Strage di Lampedusa, i sopravvissuti accusati di immigrazione clandestina

Prima un giorno di lutto nazionale per i morti, e subito dopo l’iscrizione a registro degli indagati per i sopravvissuti con l’accusa di immigrazione clandestina. E’ un misto di ipocrisia e schizofrenia quella che circonda l’ultima tragedia di Lampedusa. L’ipocrisia dei politici che vengono sull’isola a manifestare la solidarietà del governo e che magari candidano anche quest’ultimo lembo d’Italia prima dell’Africa a premio Nobel per la pace, ma che allo stesso tempo difendono a spada tratta la legge sull’immigrazione, la stessa che, se non sei morto, adesso ti incrimina e può arrivare a sanzionarti con una multa fino 5.000 euro. 

Che è proprio quello che prevede la Bossi-Fini.
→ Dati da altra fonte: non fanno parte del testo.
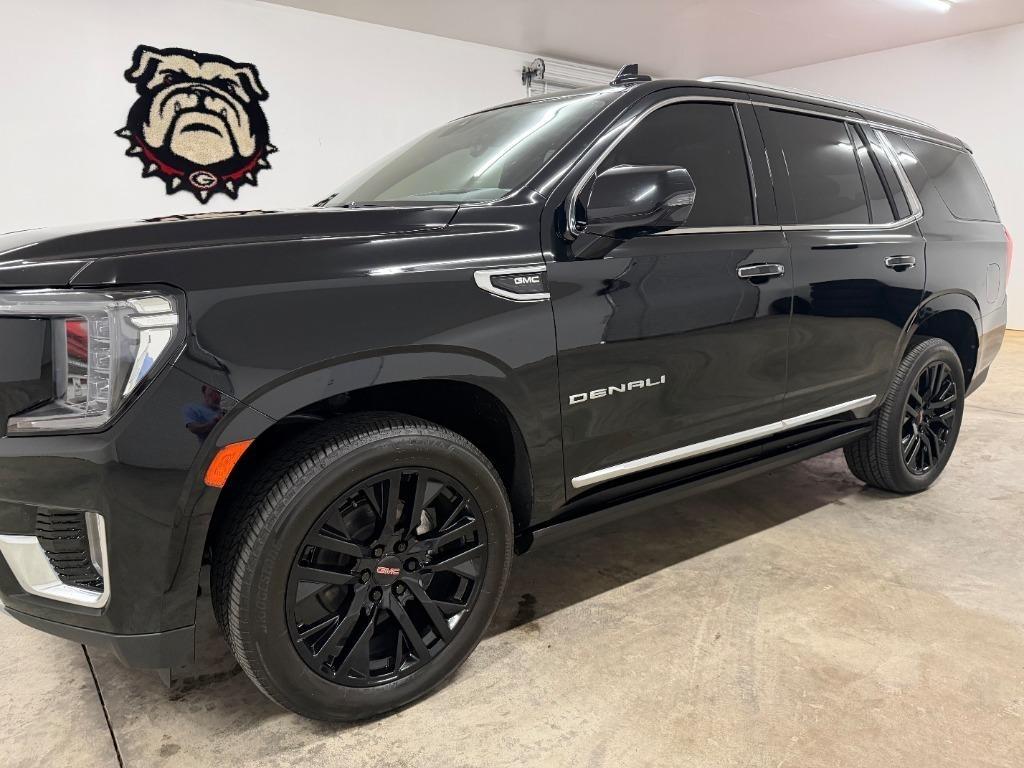 GMC Yukon Denali 4WD 2021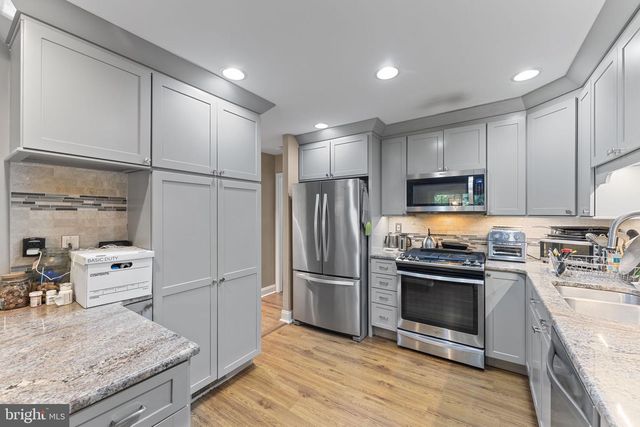 802 WEATHERSTONE DR, Paoli, PA 19301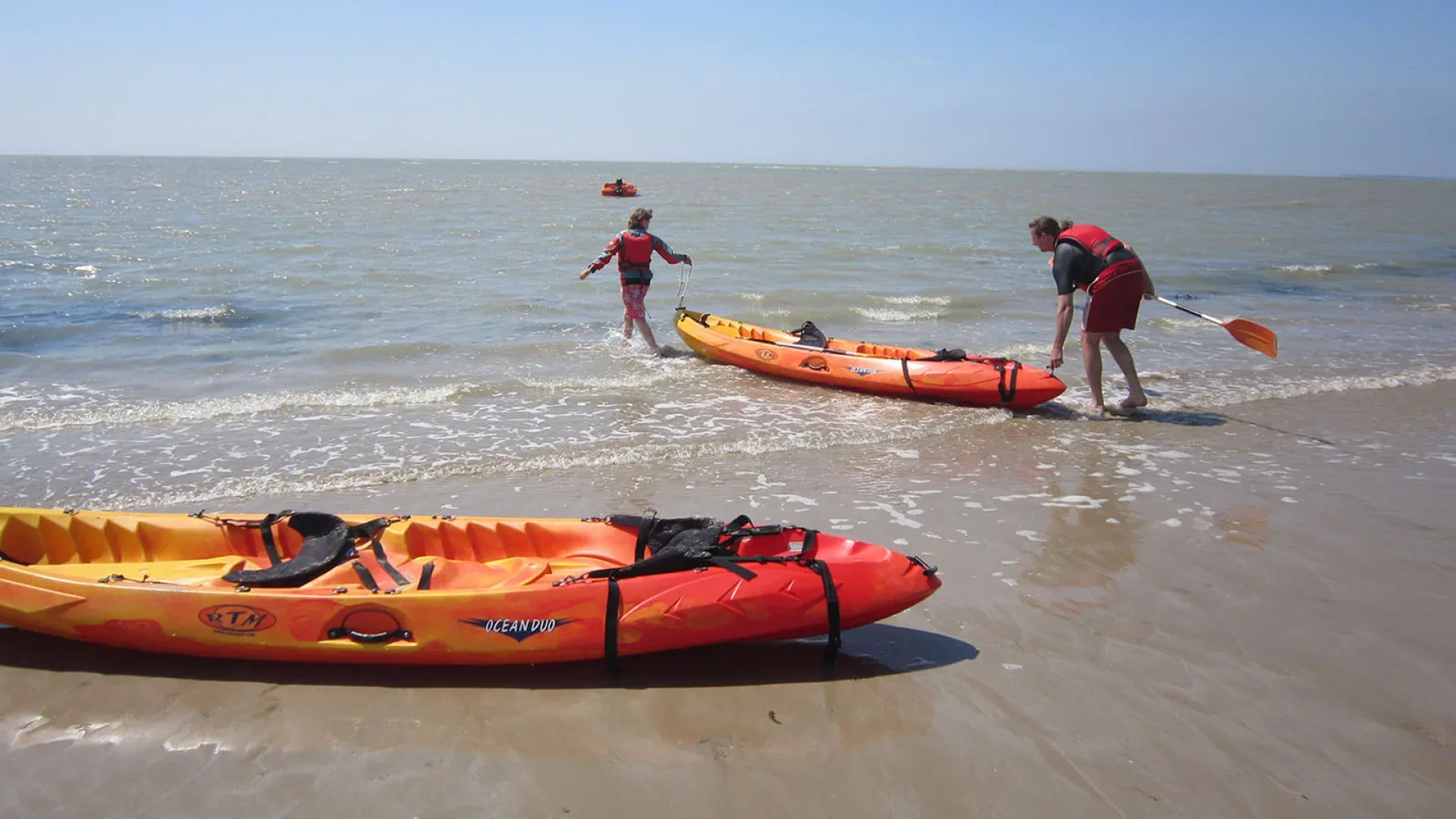 photo de sports nautiques à la barre de monts - fromentine : le kayak de mer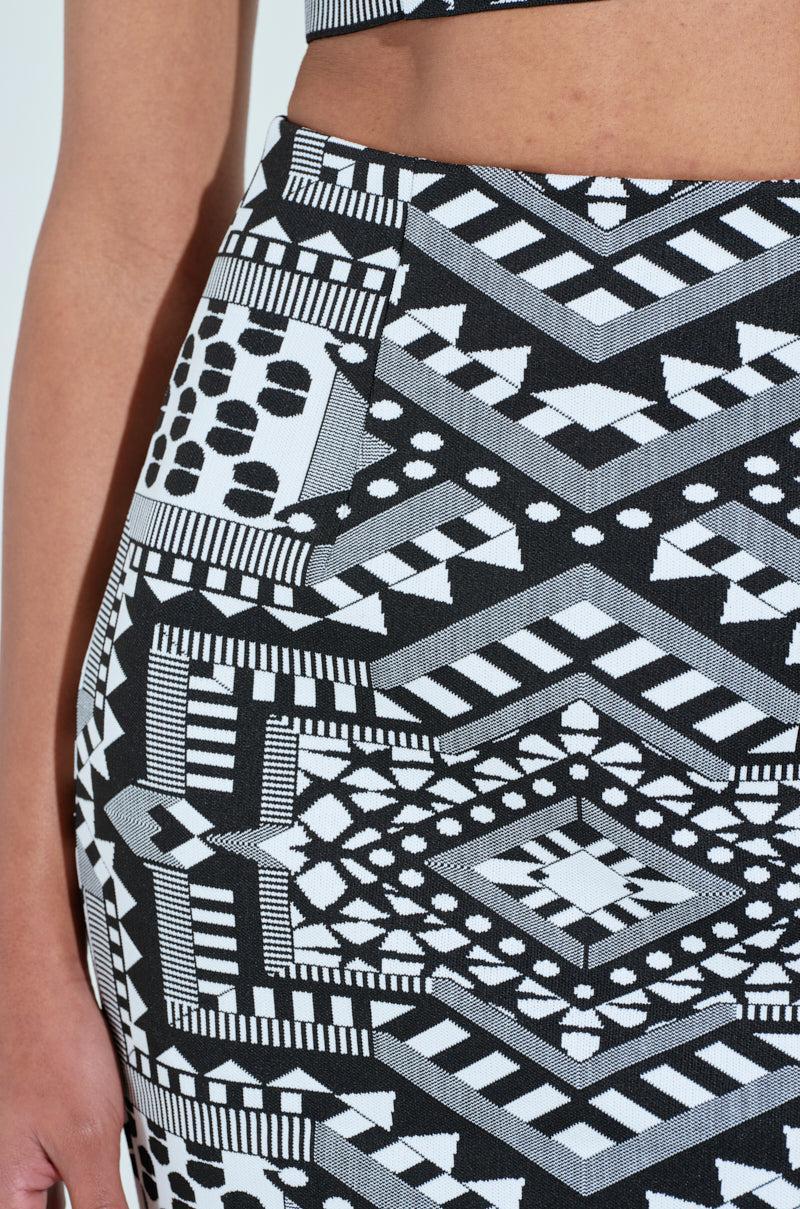 VACA MODE ABSTRACT MAXI SKIRT Product Image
Diciamolo subito: la decisione di iscrivere sul registro degli indagati i nomi di quasi tutti i 155 sopravvissuti al naufragio di giovedì – si salvano sono i minori – non dipende dalla procura di Agrigento che ha solo fatto quello che la legge gli impone di fare. «E’ un atto dovuto, non potevamo fare altrimenti», spiega il procuratore capo Renato Di Natale che continua a interrogare i sopravvissuti alla ricerca di testimonianze contro lo scafista, un tunisino arrestato poche ore dopo il naufragio. «Stiamo facendo riscontri testimoniali ma le cose sono un po’ più difficili perché sono indagati», prosegue il procuratore.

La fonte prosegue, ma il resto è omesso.